Thanks to a Foundations of Physical Sciences course taught by Professor Norman Royall, the professor for whom Royall Hall was named, Ward was inspired to change his major.
“I realized that a research career in physics and mathematics would be fascinating and a good match with my strengths,” he says. “Plus, the space program was just getting underway, and the outlook for a career in this area was promising.”
After completing his degrees at UMKC, Ward went on to California Technical Institute to earn his doctorate in planetary sciences. After graduating, he went on to work at NASA’s Jet Propulsion Laboratory. Ward currently works at the Institute Scientist at Southwest Research Institute in Boulder, Colo. He will be honored this April by the campus and the UMKC Alumni Association with the College of Arts & Sciences Alumni Achievement Award.
Over the course of his career, Ward has introduced several new ideas that have shaped his field, the knowledge of its scientists and assisted people in understanding the universe better. He has studied the formation of the earth’s moon and, along with other scientists, helped formulate the widely accepted ‘giant impact theory.’ He has also focused on swings in Mars’ polar axis, believed to create variations in that planet’s climate.
Another leading idea attributed to Ward is that of ‘migration.’ Much of his research has focused on understanding the interactions between newly formed planets with the circumstellar disks of gas and solid material from which they originate. Although such disks eventually dissipate, during their lifetime, they exert enormous forces on any embedded planet, modifying its orbit. As a result, large planets can be quite mobile, and Ward predicts that many may ‘migrate’ inward close to their star.

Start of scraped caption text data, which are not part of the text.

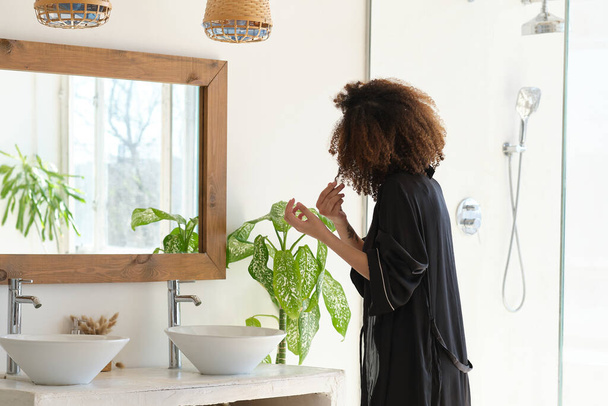 νέα όμορφη γυναίκα ισιώνει τα μαλλιά της στέκεται μπροστά από τον καθρέφτη. πρωινή ρουτίνα έννοια - Φωτογραφία, εικόνα
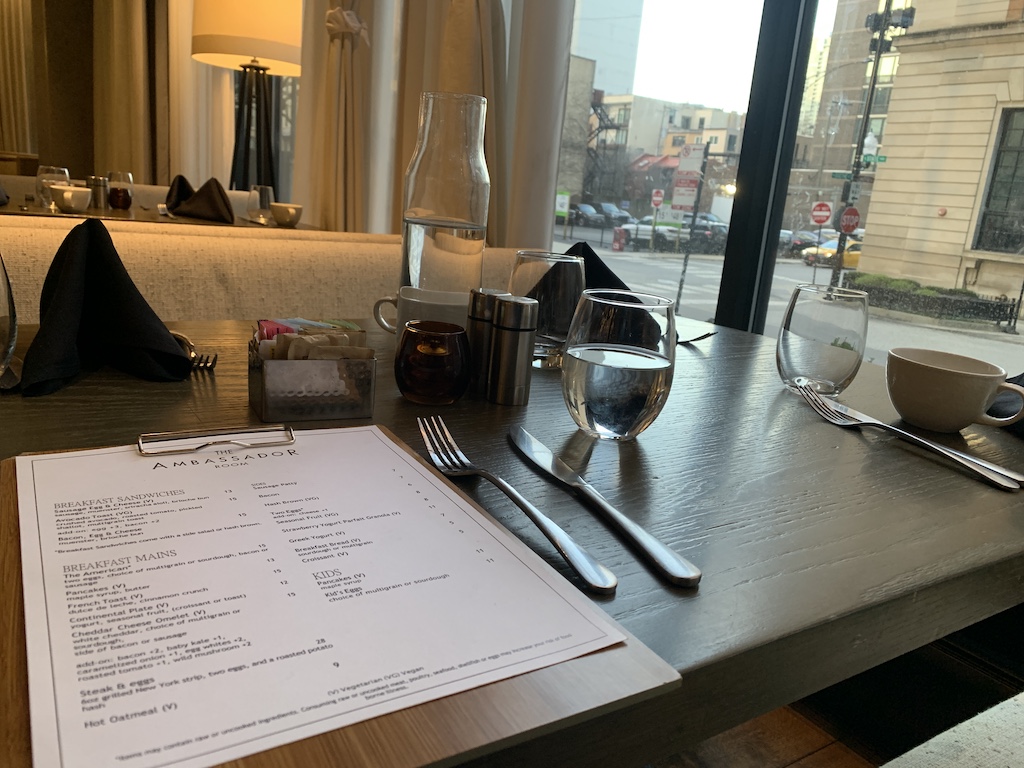 a table with a menu and glasses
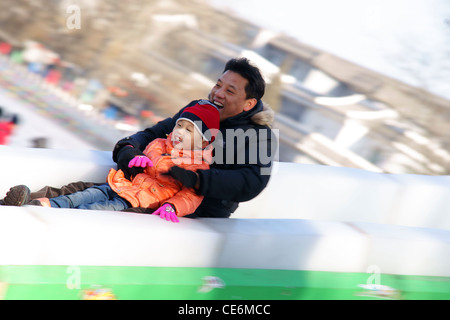 Vater und Sohn haben Spaß auf Eis Folie in Peking China Stockfoto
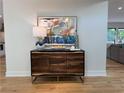 Inviting entryway featuring a wood console table, modern lamp, and colorful painting at 541 Earlvine Nw Way, Kennesaw, GA 30152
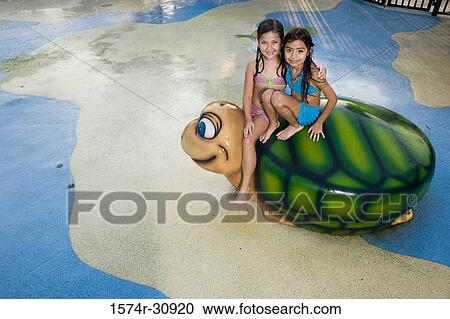 Portrait of girls sitting together on a tortoise sculpture View Large Photo Image Stock Image - Portrait of girls sitting together on a tortoise sculpture. Fotosearch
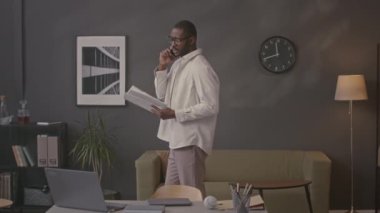 Orta boy Afrikalı Amerikalı iş adamı elinde mali kağıt raporuyla iş ortağıyla cep telefonuyla konuşurken, merkez büroda ileri geri yürürken.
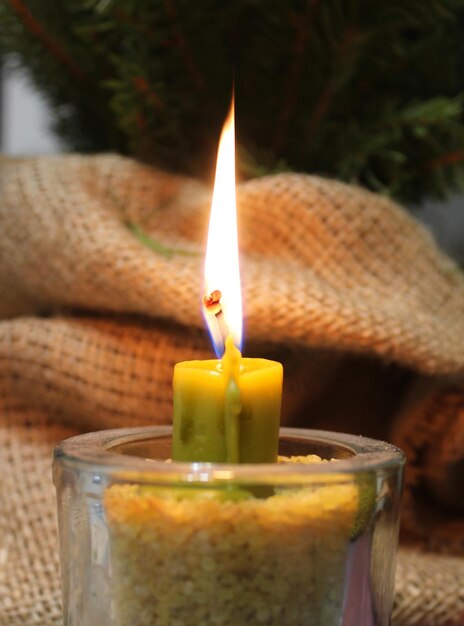 Fuego de vela de cera amarillo oscuro en candelabro de vidrio lleno de granos cerca de la envoltura de burlap hecha a mano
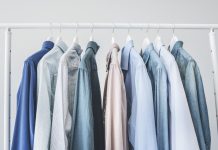 Assorted blue shirts hanging on wooden hangers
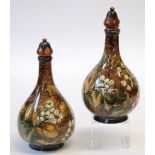 PAIR OF DOULTON LAMBETH FAIENCE POTTERY BOTTLE VASES, with stoppers, painted in tones of green,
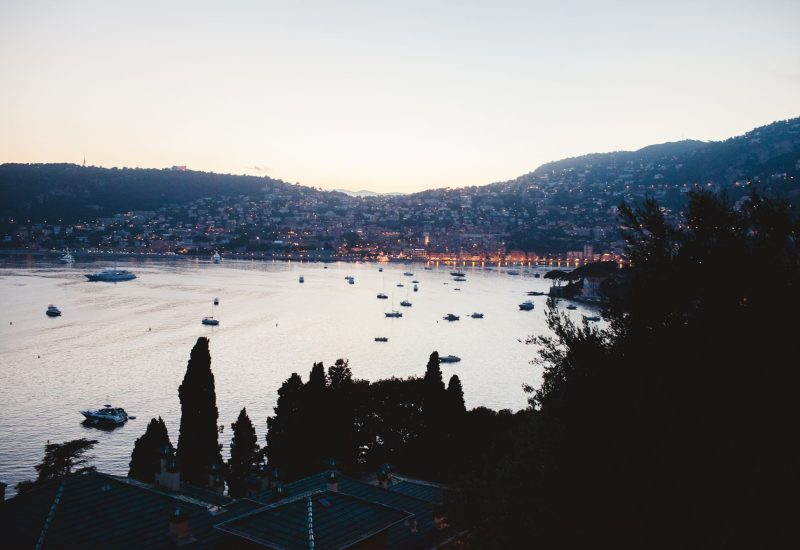 Vue romantique sur la Côte d'Azur au crépuscule, idéale pour un grand mariage de luxe. Ce paysage enchanteur, avec ses bateaux flottant sur l'eau scintillante, évoque une célébration sur mesure dans un cadre exceptionnel. Parfait pour une cérémonie grandiose dans un domaine privé ou un jardin élégant, chaque détail est soigneusement orchestré par By Mademoiselle C, créateur de mariages uniques en Provence, Côte d'Azur et Corse. Transform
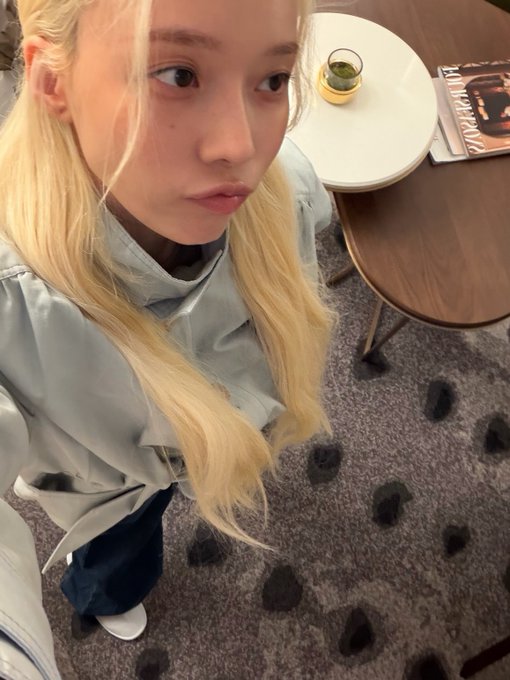 A selfie of a person with long blonde hair wearing a light blue jacket, standing in a room with a wooden table that has a small plant and a magazine on it, on a carpet with dark spots.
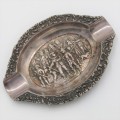 Silver ashtray with Musketeer theme in centre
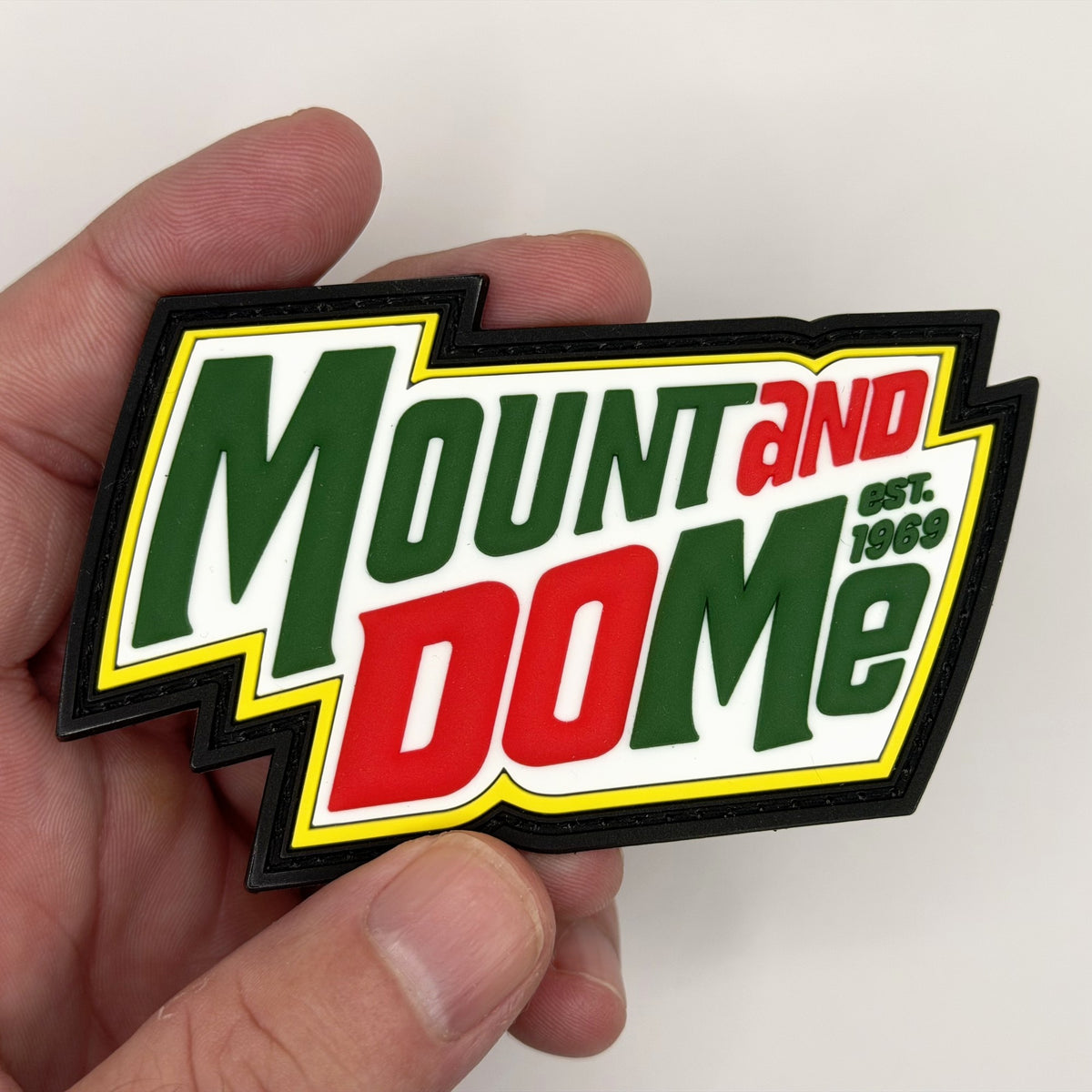 Mount and Do Me glow PVC patch held in hand, front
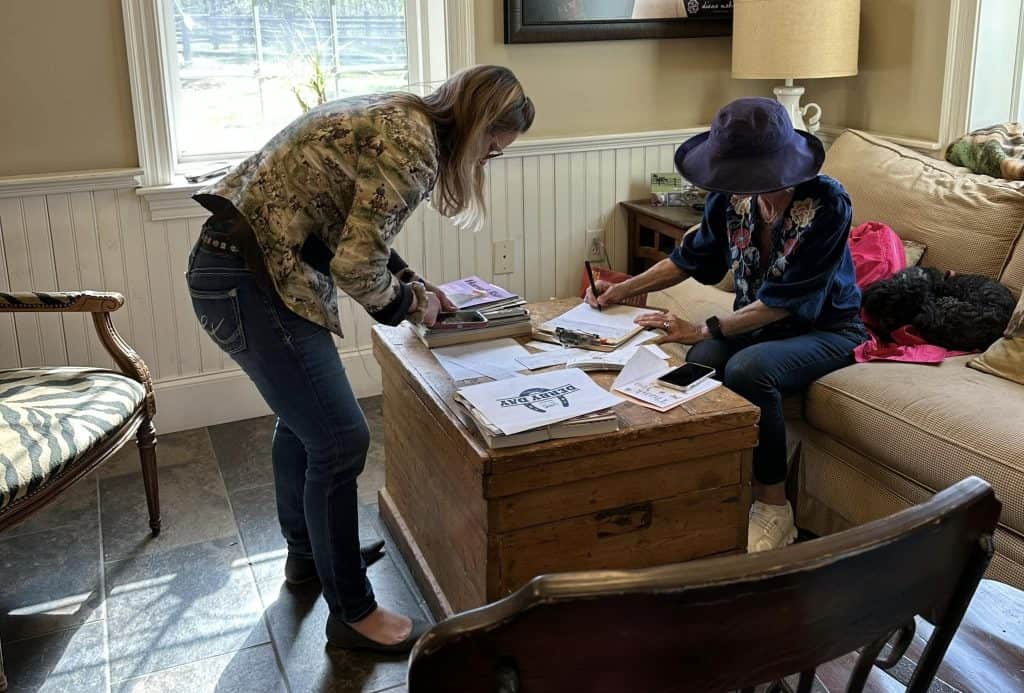 Woman sitting on couch writing on clipboard while another woman checks cellphone.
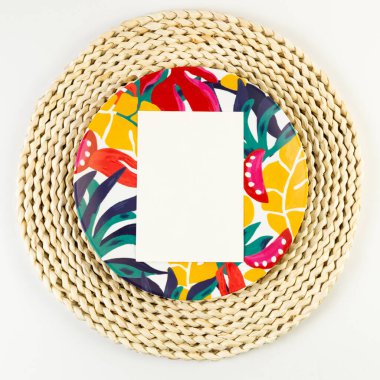 Kahverengi hasır masa paspası, beyaz kart, beyaz arka planda renkli plaka. Saman tepsisi, egzotik bitki tabağı, yaz pikniği. Düz yat, boşluğu kopyala. 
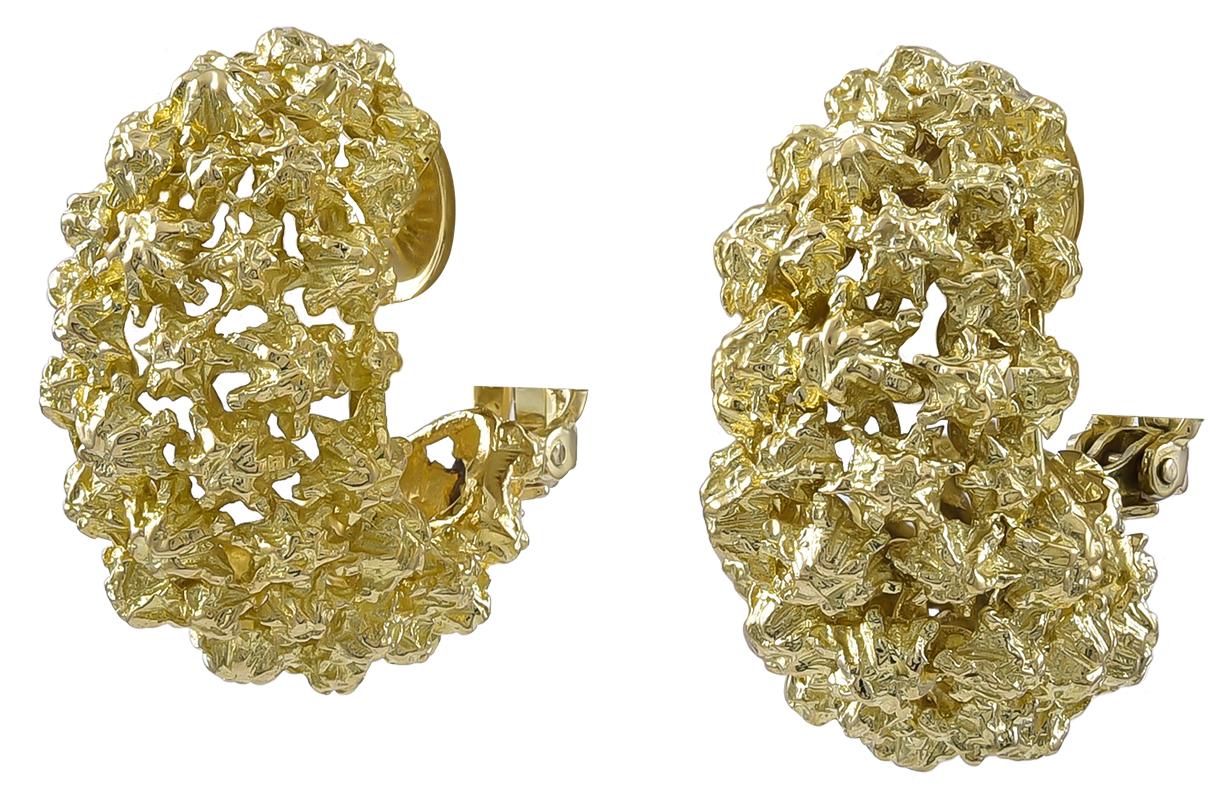 Large gold ear clips, with intricate openwork.  Made,signed and numbered by TIFFANY & CO.  Heavy gauge 18K yellow gold with a brilliant metallic foil finish.  Clip backs, with attached comfort cushions.  1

Ward has traveled all over the world giving lectures, presenting at seminars and attending conferences.
“It has been my foremost goal to advance our knowledge and understanding of the origins of the Earth and our solar system. I have always considered this a noble mission, and it has also proved to be a wonderful and exciting profession,” he says.
Ward has received numerous honors and awards for work in his field including lifetime achievement awards from both the Division of Dynamical Astronomy (Brouwer Award, 2006) and the Division of Planetary Sciences of the American Astronomical Society (Kuiper Prize, 2011).
“The desire to significantly contribute to the field of planetary sciences has always been my primary driver. Over the course of my career, I have been privileged to introduce several new ideas and concepts that have become incorporated into the current state of knowledge and employed by the community as a whole,” he says.
Ward will be honored with his fellow 2015 Alumni Awardees on April 23 at Swinney Recreation Center. The luncheon is one of the university’s largest events and proceeds support student scholarships. Last year’s luncheon attracted nearly 600 attendees and garnered more than $117,000 in student scholarships.